CLINTON — Ways of expanding economic growth in the community were discussed Wednesday during the the Clinton Regional Development Corporation’s 60th anniversary celebration.
Exiting CRDC Chairman Rich Phelan said the spring of 2012 was a time of renewal at the CRDC, ushering in a lot of activity in the past year. January saw the departure of Steve Ames as chief executive officer.
Phelan remembered an eventful day in March that included the announcement of an expansion for Data Dimensions, as well as the purchase of railport land by Nevada Rail Materials and RAIL.ONE. This development meant the addition of around 200 jobs.
“And so to say it was a busy year in 2013 would be an understatement,” Phelan said.
Keynote Speakers Jeff Finkle and Bill Fruth discussed recent changes in economic development and how to positively affect Clinton’s economy.
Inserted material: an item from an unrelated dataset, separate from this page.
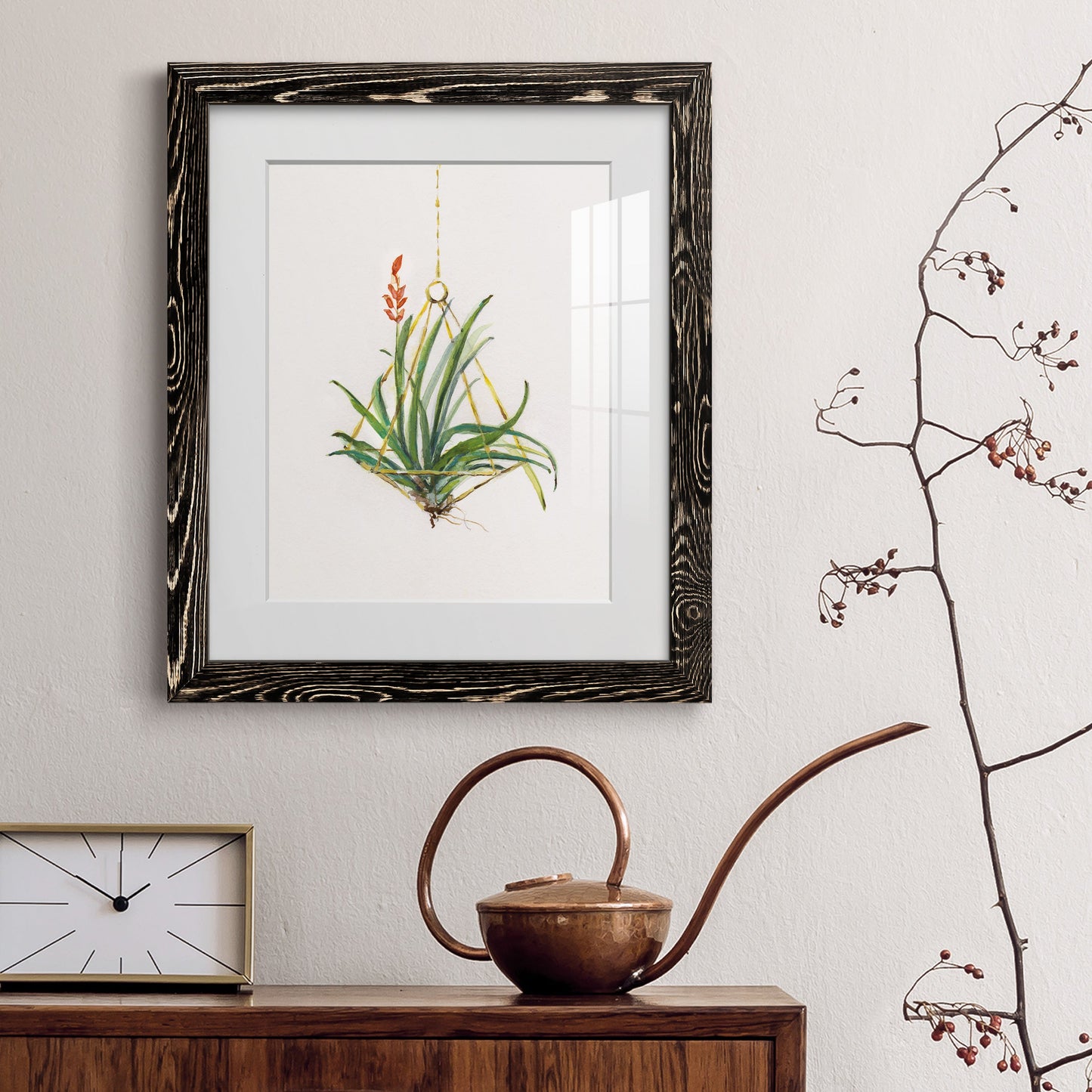 Gardenaire I - Premium Framed Print - Distressed Barnwood Frame - Ready to Hang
Finkle serves as president of the International Economic Development Council and previously served as deputy assistant secretary within the U.S. Department of Housing and Urban Development. He explained some of the challenges to economic development.
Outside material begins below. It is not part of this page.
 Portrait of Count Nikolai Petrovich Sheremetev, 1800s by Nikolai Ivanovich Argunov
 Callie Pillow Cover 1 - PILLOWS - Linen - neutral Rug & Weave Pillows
Besides the recent recession, Finkle said some main challenges are an increase in natural and manmade disasters and globalization. While he said globalization can be a benefit to companies, it can take jobs away from the local communities.
Finkle told the CRDC that currently 11.5 million people remain unemployed, an improvement from the 14 million of two years ago. A total of 4.2 million remain as long-term unemployed. However, Finkle said that despite good or bad years, the state of Iowa typically has one of the lowest unemployment rates in the country.
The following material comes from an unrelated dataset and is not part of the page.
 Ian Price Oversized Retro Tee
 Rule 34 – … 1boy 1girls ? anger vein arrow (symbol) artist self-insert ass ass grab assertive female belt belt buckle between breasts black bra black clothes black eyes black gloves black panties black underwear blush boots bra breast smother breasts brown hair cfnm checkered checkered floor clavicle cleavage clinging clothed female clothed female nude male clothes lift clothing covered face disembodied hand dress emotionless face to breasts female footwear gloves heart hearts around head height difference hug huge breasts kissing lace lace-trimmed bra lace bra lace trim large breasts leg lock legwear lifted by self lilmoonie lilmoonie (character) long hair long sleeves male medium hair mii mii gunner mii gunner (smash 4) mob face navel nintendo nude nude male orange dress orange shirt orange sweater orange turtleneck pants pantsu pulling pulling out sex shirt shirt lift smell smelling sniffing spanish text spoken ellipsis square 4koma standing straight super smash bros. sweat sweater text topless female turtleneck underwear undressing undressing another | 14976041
“Iowa continues to stun us,” Finkle said.
During an economic study presentation, Bill Fruth, president/CEO of the independent economics research firm POLICOM, Corp., said Clinton is listed as the 105th best micropolitan area out of 576 in Iowa and rising. Looking at the community’s employment numbers and wages, he said Clinton is seeing an increase in both categories. This is at a time when many other areas are “going straight down.”